Novel analyses improve identification of cancer-associated genes from microarray data
Dartmouth Institute for Quantitative Biomedical Sciences (iQBS) researchers developed a new gene expression analysis approach for identifying cancer genes. The paper entitled, "How to get the most from microarray data: advice from reverse genomics," was published online March 21, 2014 in BMC Genomics. The study results challenge the current paradigm of microarray data analysis and suggest that the new method may improve identification of cancer-associated genes.
Typical microarray-based gene expression analyses compare gene expression in adjacent normal and cancerous tissues. In these analyses, genes with strong statistical differences in expression are identified. However, many genes are aberrantly expressed in tumors as a byproduct of tumorigenesis. These "passenger" genes are differentially expressed between normal and tumor tissues, but they are not "drivers" of tumorigenesis. Therefore, better analytical approaches that enrich the list of candidate genes with authentic cancer-associated "driver" genes are needed.
Lead authors of the study, Ivan P. Gorlov, Ph.D., Associate Professor of Community and Family Medicine and Christopher Amos, Ph.D., Professor of Community and Family Medicine and Director of the Center for Genomic Medicine described a new method to analyze microarray data. The research team demonstrated that ranking genes based on inter-tumor variation in gene expression outperforms traditional analytical approaches. The results were consistent across 4 major cancer types: breast, colorectal, lung, and prostate cancer.

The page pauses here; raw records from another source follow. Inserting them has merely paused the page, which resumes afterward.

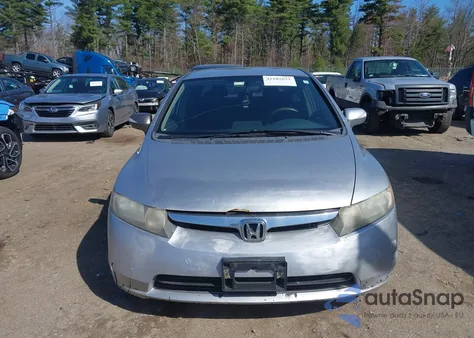 2008 Honda Civic Hybrid из США, поврежденный, VIN JHMFA36248S030053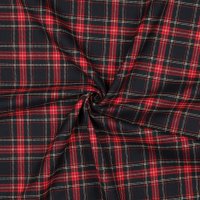 Scottish Check 003 Navy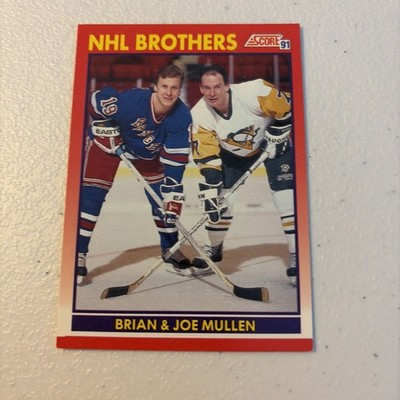 Brian Mullen - Joe Mullen (Hockey Card) 1991-92 Score Canadian # 269 - Mint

The team used text-mining to identify genes known to be associated with breast, colorectal, lung, and prostate cancers. Then, they estimated enrichment factors by determining how frequently those known cancer-associated genes occurred among the top gene candidates identified by different analysis methods. The enrichment factor described how frequently cancer associated genes were identified compared to the frequency of identification that one could expect by pure chance. Across all four cancer types, the new method of selecting candidate genes based on inter-tumor variation in gene expression outperformed the other methods, including the standard method of comparing mean expression in adjacent normal and tumor tissues. Dr. Gorlov and colleagues also used this approach to identify novel cancer-associated genes.
The authors cite tumor heterogeneity as the most likely reason for the success of their variance-based approach. The method is based on the knowledge that different tumors can be driven by different subsets of cancer genes. By identifying genes with high variation in expression between tumors, the method preferentially identifies genes specifically associated with cancer. This same feature, tumor heterogeneity, may reduce the ability to identify critical gene expression changes when comparing mean gene expression in adjacent tumor and normal tissues, as tumors of the same type may have different sets of genes differentially expressed.
The results of the study challenge the model that comparing mean gene expression in adjacent normal and cancer tissues is the best approach to identifying cancer-associated genes. Indeed, the team identified high variation in adjacent "normal" tissue samples, which are typically used as control samples for comparison in analyses based on mean gene expression. The study suggests that methods based on variance may help get the most from existing and future global gene expression studies.